With its rhythmic clicks and electronic signal, the telegraph upended the centuries-old practice of people transporting the messages they wanted to send. Now, with a code of dots and dashes, words and ideas spread rapidly to places the sender might never go and to people she’d likely never meet. The code’s inventor, Samuel Morse, ruminating on where this mid-19th-century invention might lead, wrote:
|… it would not be long ere the whole surface of this country would be channeled for those nerves which are to diffuse with the speed of thought, a knowledge of all that is occurring throughout the land, making, in fact, one neighborhood of the whole country.|
Given the intercontinental connections the telegraph would forge, Morse could well have construed his neighborhood as the world. In time, others would.
Writing 150 years later about what he saw as the profound significance of the telegraph, James W. Carey, journalism professor and communications scholar, argued that it “reworked the nature of written language and finally the nature of awareness itself.” For decades the telegraph was the go-to electronic carrier of communication until the telephone and radio, television and the computer, then the Internet and mobile devices came along.
As each new technology appeared, what was vertical—top-down, one-way, with the purpose of delivering information—got flattened as peer reached out to peer with an increasing expectation of engagement. Words that traveled through these electronic lines, then wirelessly, grew to feel less like sermons and more like chants.

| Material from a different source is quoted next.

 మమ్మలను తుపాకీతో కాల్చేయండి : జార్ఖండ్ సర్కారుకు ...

Even before palm-sized, always-on global communication devices surfaced, Carey had observed in the opening chapter of his 1989 book “Communication as Culture” that the dominant view of 20th-century communication as being about transmission didn’t fit so well anymore. In its place, he envisioned a re-emergence of the “ritual view.” In this view, he wrote, “news is not information but drama. … It invites our participation on the basis of our assuming, often vicariously, social roles within it.” Into this “ritual” orientation gets bundled, he explained, “terms such as ‘sharing,’ ‘participation,’ ‘association,’ ‘fellowship,’ and ‘the possession of a common faith.’ ”

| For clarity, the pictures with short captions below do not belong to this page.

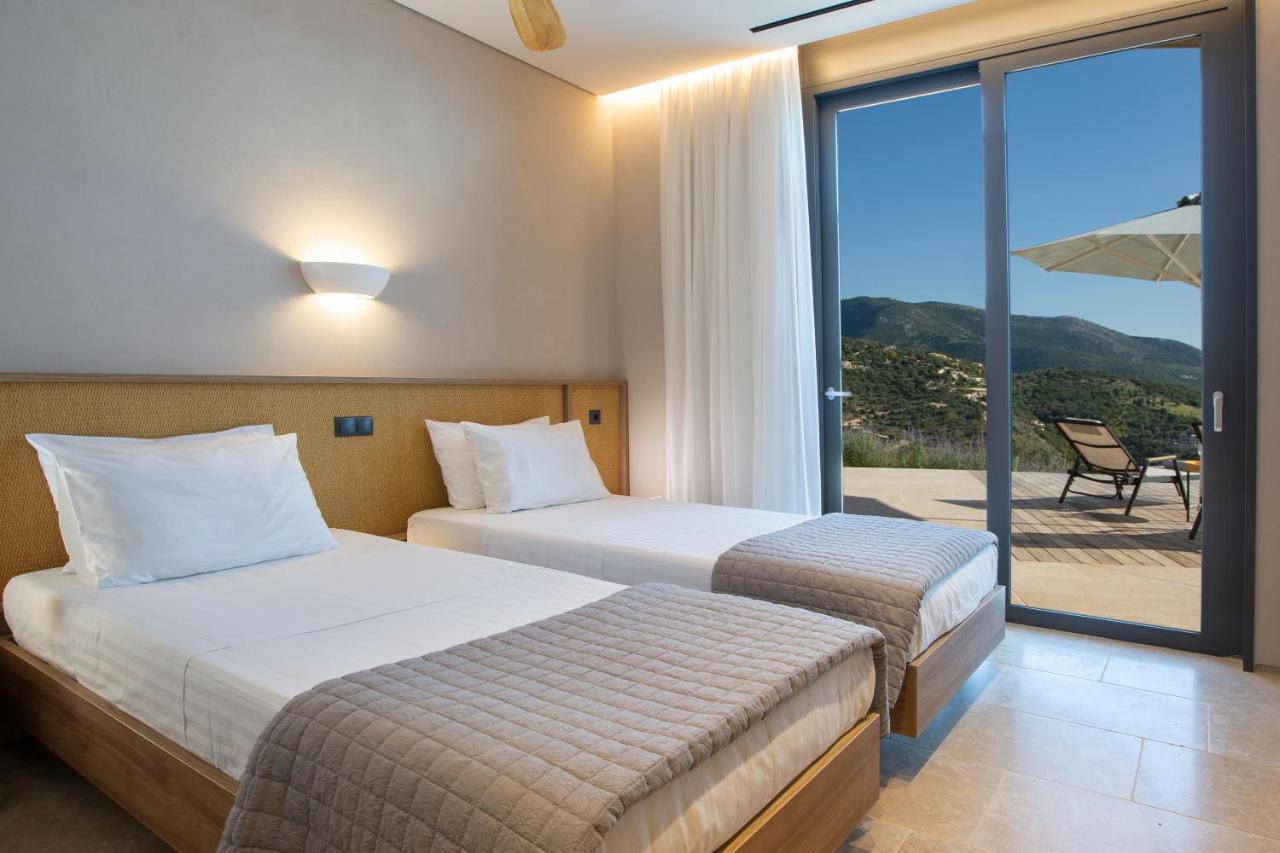 Blooms Of Sivota Bay - Luxury Villas With Private Heated Pool Exterior photo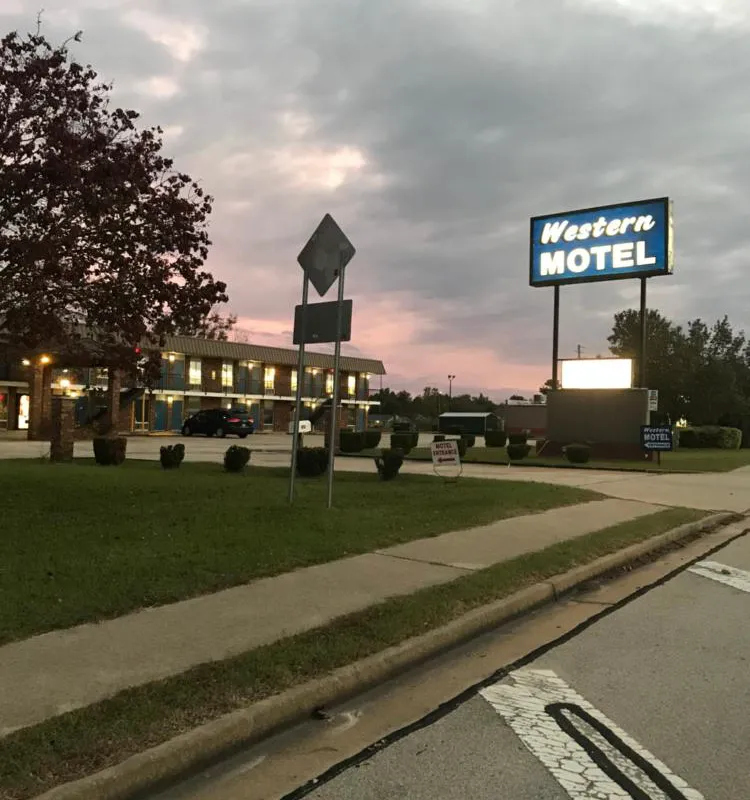 Western Motel hotel hero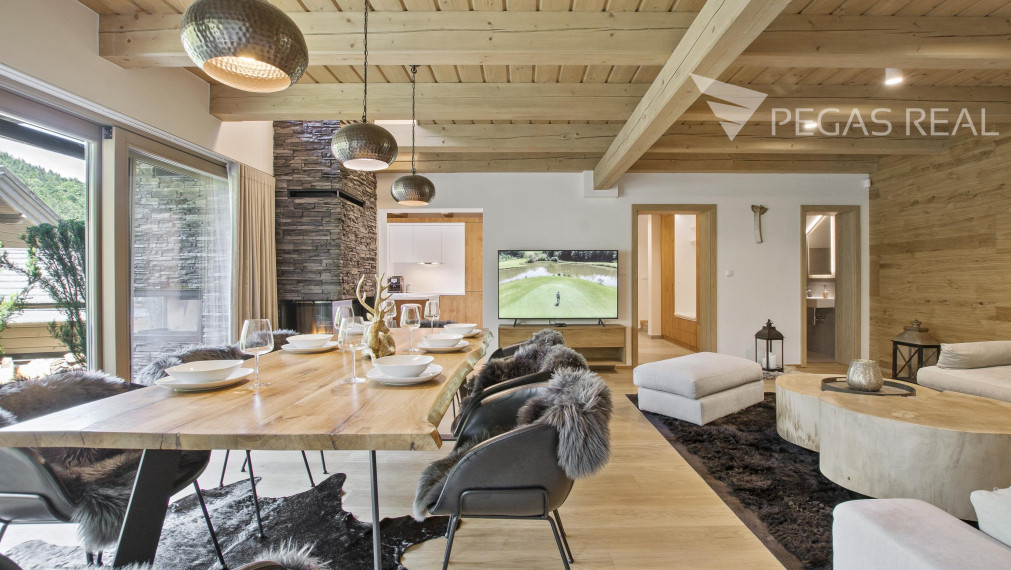 LUXUSNÝ CHALET PRI LYŽIARSKOM STREDISKU JASNÁ NA TÁLOCH V BYSTREJ - NÍZKE TATRY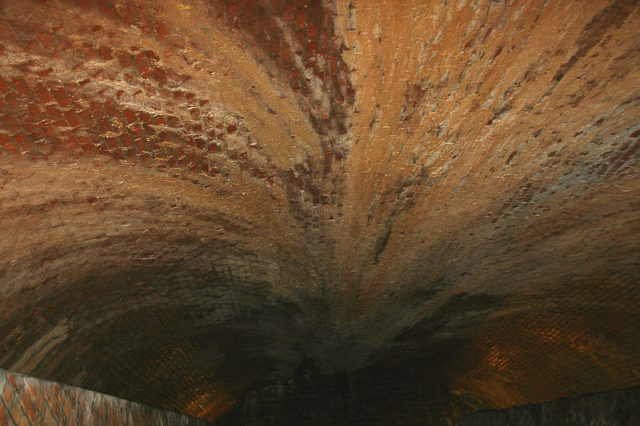 The bricked ceiling. Author: mattbuck CC BY-SA 3.0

Today, #, the Twitter hashtag, forms the cornerstone of a community convened by shared interests and sustained by communal action. Geography no longer defines community, nor is it a constraint on one forming. Word of mouth, as Mark Briggs writes in this issue of Nieman Reports, is being displaced by “word of link.” News and information continue to be transmitted—and this is where reporters step in. As technology encourages this shift toward the ritual, journalists will seek out new roles and purpose in places we call community.